I hope you understood the merging procedure. This is an important concept in learning the merge sort algorithm. Be sure not to skip this. Even the programming part of the merge procedure is not that tough. You just follow these steps:
- Take both the arrays and their sizes to be merged as the parameters of the merge function. By summing the sizes of the two arrays, we can create one larger array.
- Create three index variables i,j & k. And initialize all of them with 0.
- And then run a while loop with the condition that both the index variables i and j don't exceed their respective array limits.
- Now, at each run, see if A[i] is smaller than B[j], if yes, make C[k] = A[i] and increase both i and k by 1, else C[k] = B[j] and both j and k are incremented by 1.

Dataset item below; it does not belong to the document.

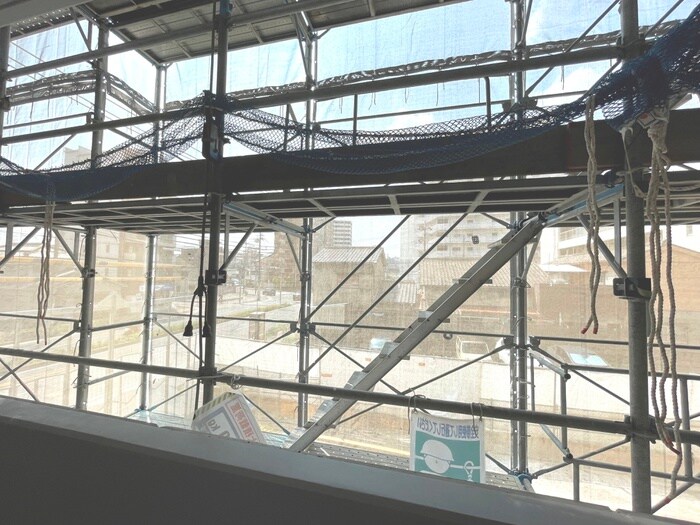 物件内観写真15　(室内からの展望)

- And when the loop finishes, either array A or B or both get finished. And now you run two while loops for each array A and B, and insert all the remaining elements as they are in the array C. And you are done merging.

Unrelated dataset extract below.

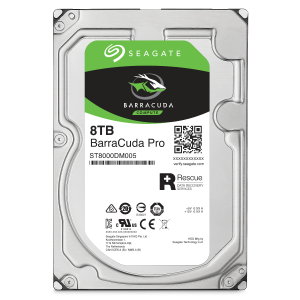 Seagate Barracuda 8TB Hard Drive - ST8000DM004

The pseudocode for the above procedure has been attached below.
Now, this would quite not be our situation when sorting an array using the merge sort. We wouldn’t have two different arrays A and B, rather a single array having two sorted subarrays. Now, I’d show you how to merge two sorted subarrays of a single array in the array itself.
Suppose there is an array A of 5 elements and contains two sorted subarrays of length 2 and 3 in itself.

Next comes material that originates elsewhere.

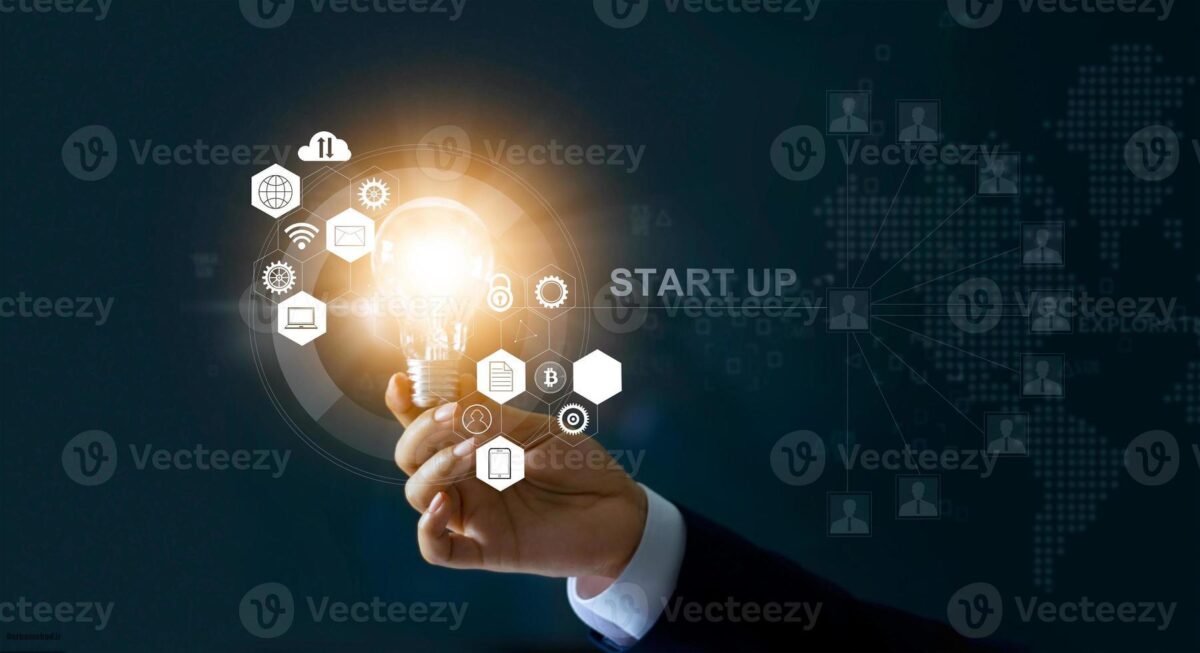 فناوری توسعه استارتاپ‌ها و کسب‌وکارهای نوپا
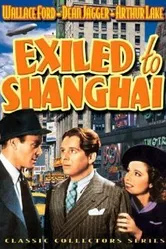 Exiled to Shanghai постер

To merge both the sorted subarrays and produce a sorted array of length 5, we will create an auxiliary array B of size 5. Now the process would be more or less the same, and the only change we would need to make is to consider the first index of the first subarray as low and the last index of the second subarray as high. And mark the index prior to the first index of the second subarray as mid.
Previously we had index variables i, j, and k initialised with 0 of their respective arrays. But here, i gets initialised with low, j gets initialised with mid+1, and k gets initialised with low only. And similar to what we did earlier, i runs from low to mid, j runs from mid+1 to high, and until and unless they both get all their elements merged, we continue filling elements in array B.
After all the elements get filled in array C, we revert back to our original array A and fill the sorted elements again from low to high, making our array merge-sorted.